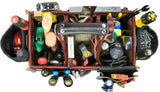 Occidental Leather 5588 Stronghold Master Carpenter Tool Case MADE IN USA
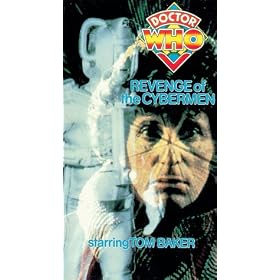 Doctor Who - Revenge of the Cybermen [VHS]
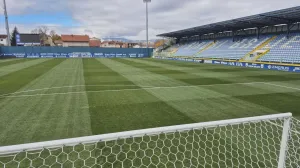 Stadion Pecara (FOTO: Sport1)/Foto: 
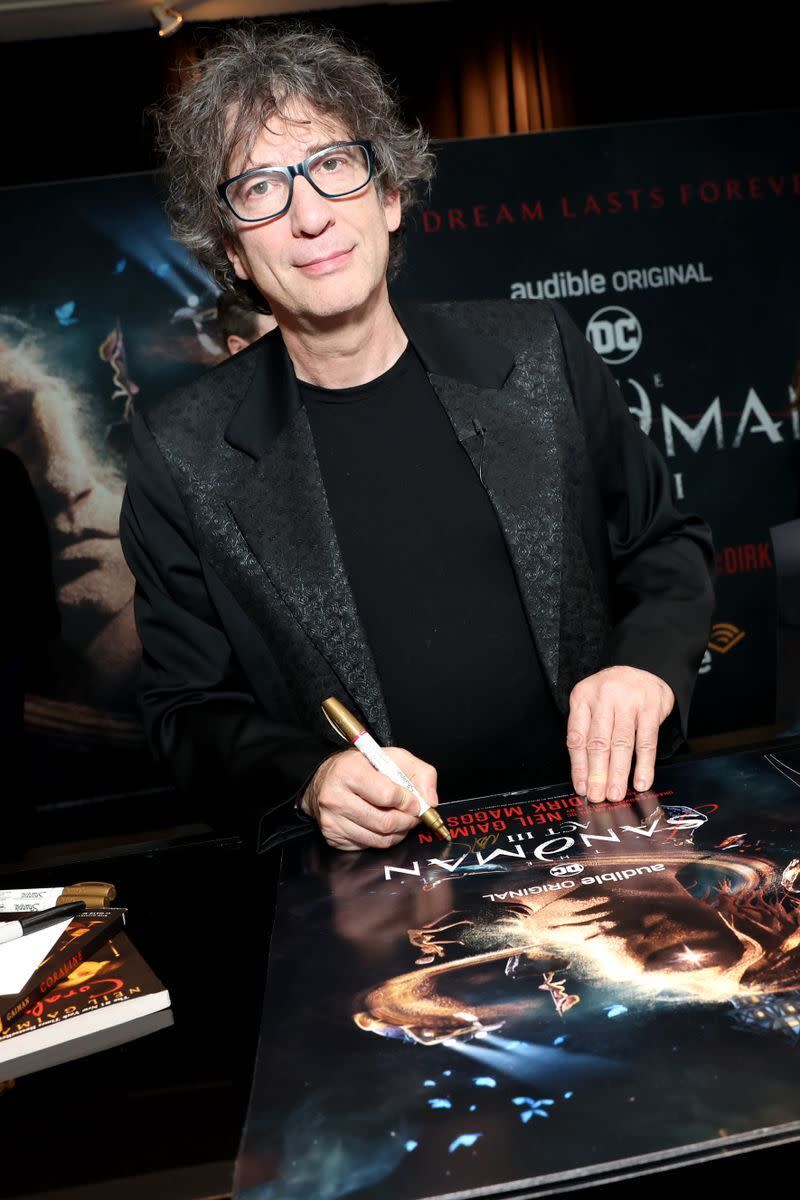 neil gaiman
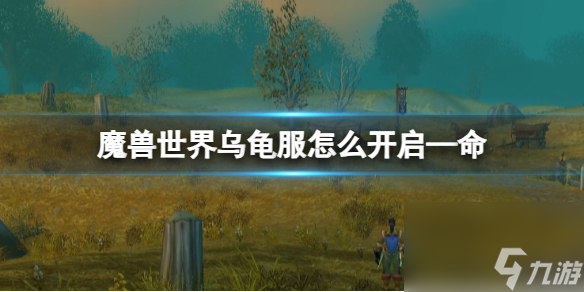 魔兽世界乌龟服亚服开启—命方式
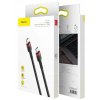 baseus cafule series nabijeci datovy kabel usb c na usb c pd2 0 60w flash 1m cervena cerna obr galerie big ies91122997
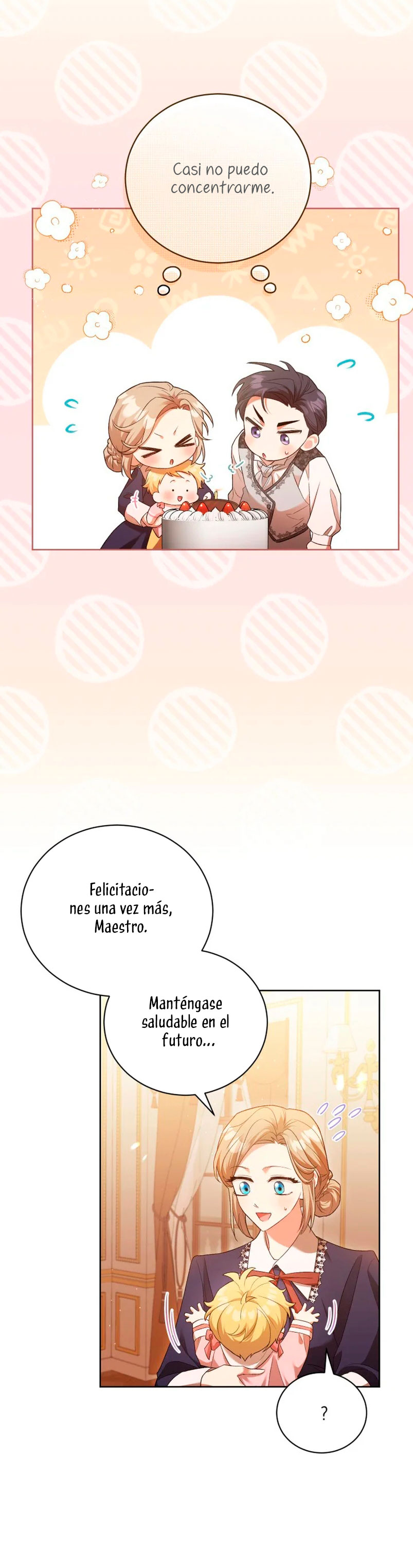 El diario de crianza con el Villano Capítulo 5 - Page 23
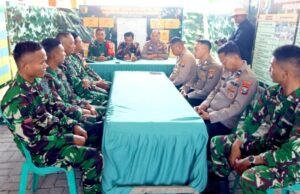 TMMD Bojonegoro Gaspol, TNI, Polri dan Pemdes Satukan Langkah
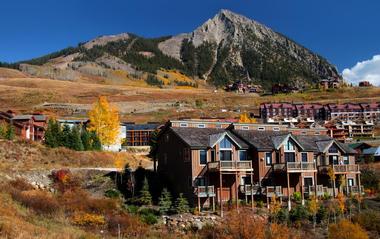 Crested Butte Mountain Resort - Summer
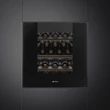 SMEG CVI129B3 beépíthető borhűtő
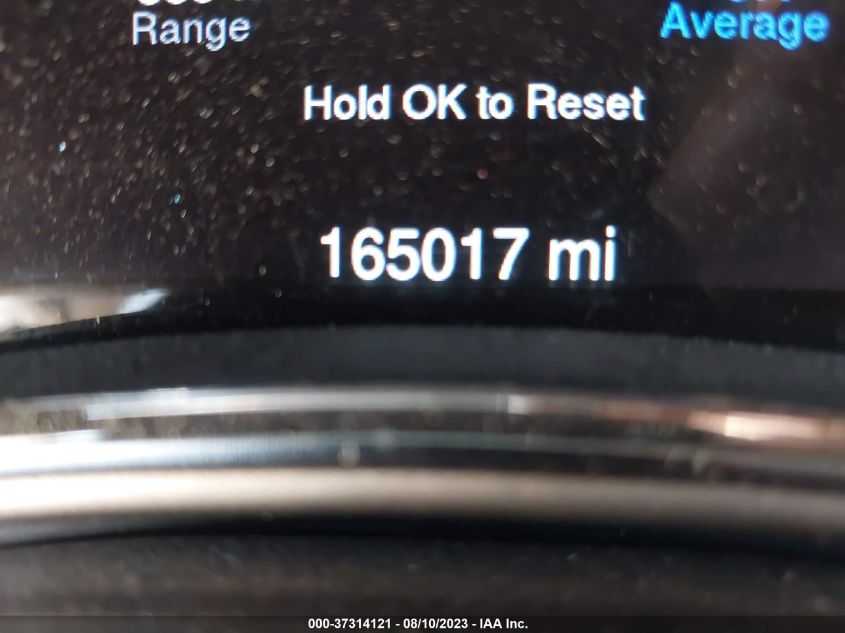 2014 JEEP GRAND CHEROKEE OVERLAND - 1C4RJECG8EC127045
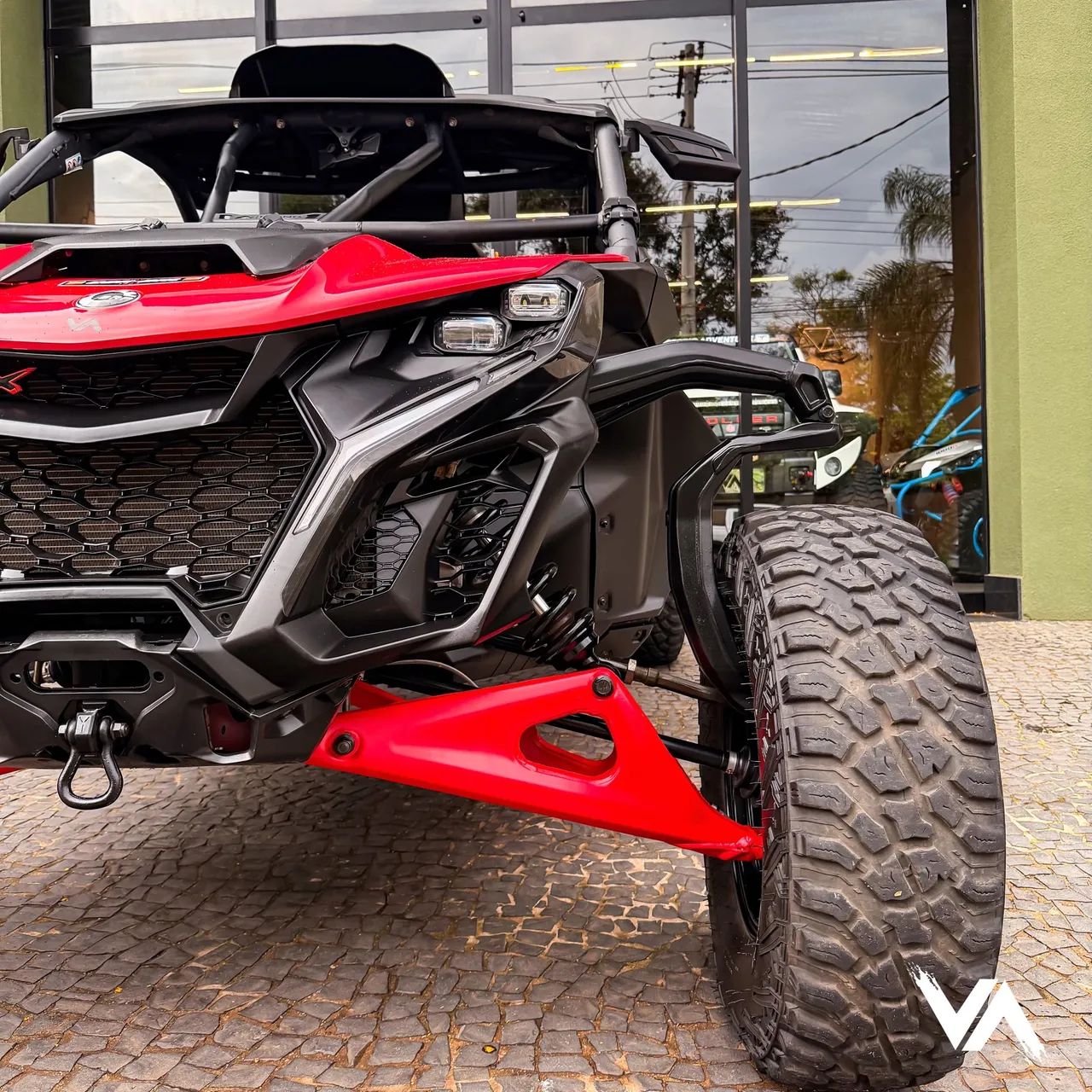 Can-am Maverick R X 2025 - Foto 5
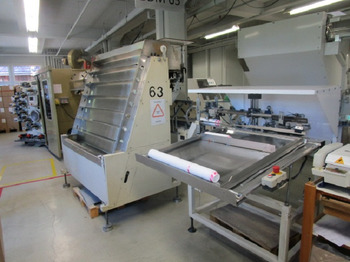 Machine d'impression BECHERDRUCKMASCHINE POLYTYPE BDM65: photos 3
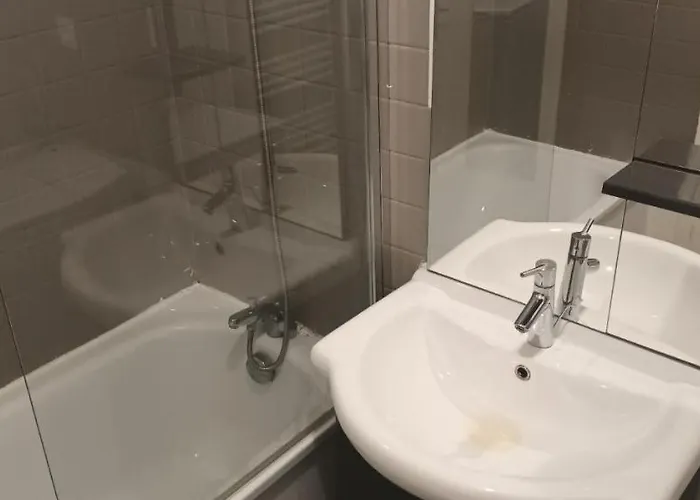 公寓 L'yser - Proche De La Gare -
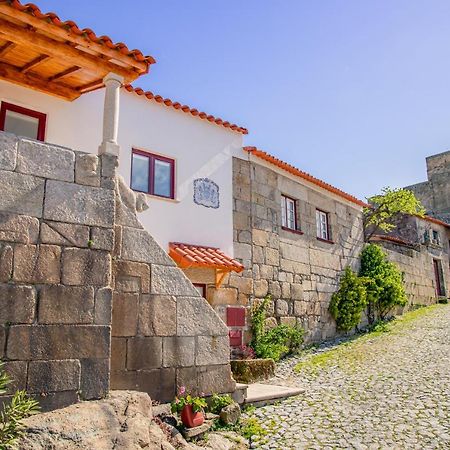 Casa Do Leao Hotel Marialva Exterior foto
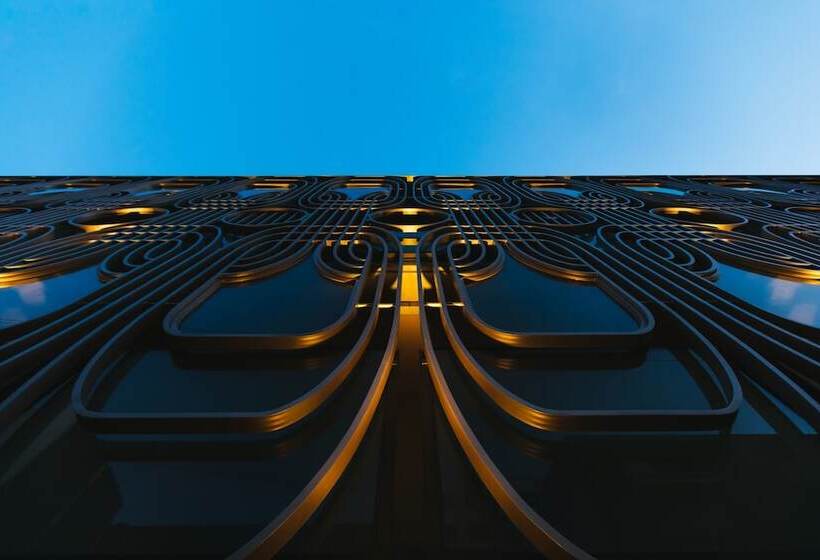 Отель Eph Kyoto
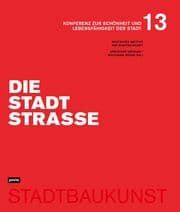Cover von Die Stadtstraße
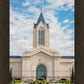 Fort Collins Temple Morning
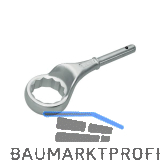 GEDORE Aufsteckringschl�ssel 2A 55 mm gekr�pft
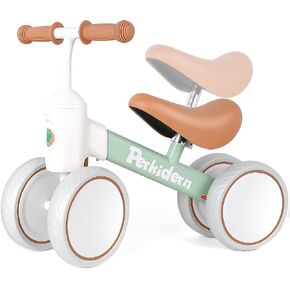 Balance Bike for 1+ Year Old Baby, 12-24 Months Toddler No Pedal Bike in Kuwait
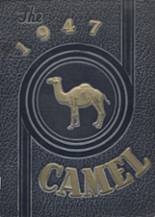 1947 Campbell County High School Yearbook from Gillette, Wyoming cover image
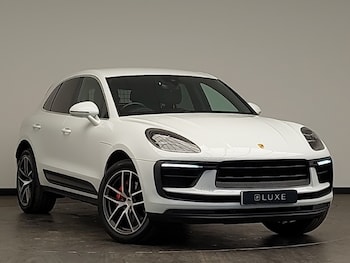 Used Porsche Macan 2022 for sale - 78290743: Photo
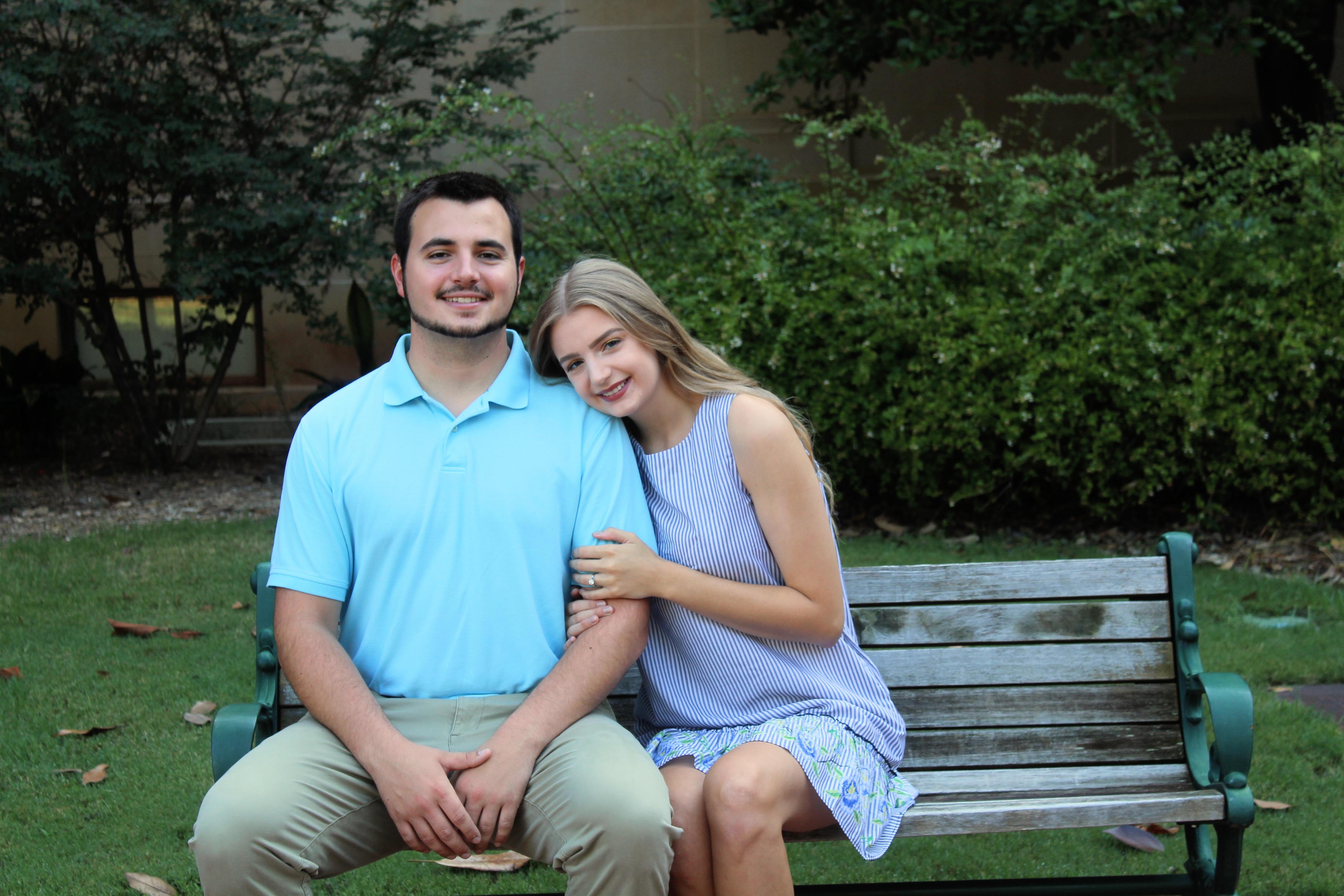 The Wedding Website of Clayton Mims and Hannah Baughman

::::

• Your objective
Pictures stay out. Transcribe the lines from the start of the entries above through the line with "Crested Butte Mountain Resort - Summer", exactly.

• Task result
 Occidental Leather 5588 Stronghold Master Carpenter Tool Case MADE IN USA
 Doctor Who - Revenge of the Cybermen [VHS]
 Stadion Pecara (FOTO: Sport1)/Foto: 
 neil gaiman
 魔兽世界乌龟服亚服开启—命方式
 baseus cafule series nabijeci datovy kabel usb c na usb c pd2 0 60w flash 1m cervena cerna obr galerie big ies91122997
 El diario de crianza con el Villano Capítulo 5 - Page 23
 TMMD Bojonegoro Gaspol, TNI, Polri dan Pemdes Satukan Langkah
 Crested Butte Mountain Resort - Summer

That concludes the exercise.